Degradability is an important attribute when developing new polymer materials. To ensure new polymers are fully degradable, scientists will often add alkyl side chains to the molecular design. Although these design strategies are common, they have not previously been explored with carotenoids as polymer building blocks...until now.

Carotenoids are biobased compounds that come in a variety of colors, including including yellow, orange, red, and purple. They are common pigments, with more than 850 naturally occurring types distributed across a wide range of life forms, from photosynthetic bacteria and species of fungi and algae to higher-order plants (such as the well-known carrot) and animals.

Carotenoids are susceptible to light, enzymatic, or chemical oxidation damage, offering alternative triggers for on-demand degradation when integrated into polymer systems.

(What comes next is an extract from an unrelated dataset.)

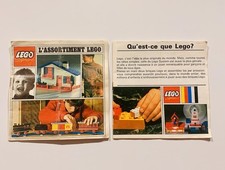2 Notices Catalogue Lego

And interestingly, carotenoid molecules such as β-carotene have a similar substructure to polyacetylene, a well-known conductive but insoluble polymer.

To explore this further, researchers from the University of Toronto, Canada, developed and tested a series of carotenoid-based polymers with varying side chain lengths to tune their solubility. Using several spectroscopic techniques, the team quantitatively determined maximum solubilities based on varying alkyl chain lengths, and they also investigated the effects of acidic and artificial sunlight-promoted degradation.

The results showed the carotenoid-based polymer system had two modes of on-demand degradation, with acid hydrolysis accelerating the rate of polymer degradation and artificial sunlight generating additional degradation products.

This work highlights carotenoid monomers as viable candidates in the design of biobased, degradable, and conjugated polymers. Unsurprisingly, it's not the first time that researchers have looked to make polymers and plastics from natural, biodegradable ingredients, since success with such products would be highly desirable from both a consumer and environmental standpoint. Previous studies with indigo, vanillin, and melanin have resulted in biobased polymers with electrically conductive properties that are promising for energy storage, biomedical, and sensor applications. Effective antibacterial and tack-free coatings have also been synthesized by incorporating eugenol—a natural antibacterial agent—in a polymer network made from a β-carotene derivative.

Future research into the potential for carotenoids in the field will include improvements to the synthesis to yield polymers with higher molecular weight, as well as evaluating conductivity and investigating the potential for monomer recovery. For degradation studies, the authors note that mimicking nature using enzymatic degradation pathways would also be of interest. Overall, this work lays the foundation for a new class of fully degradable conjugated poly(azomethine)s that use building blocks from nature.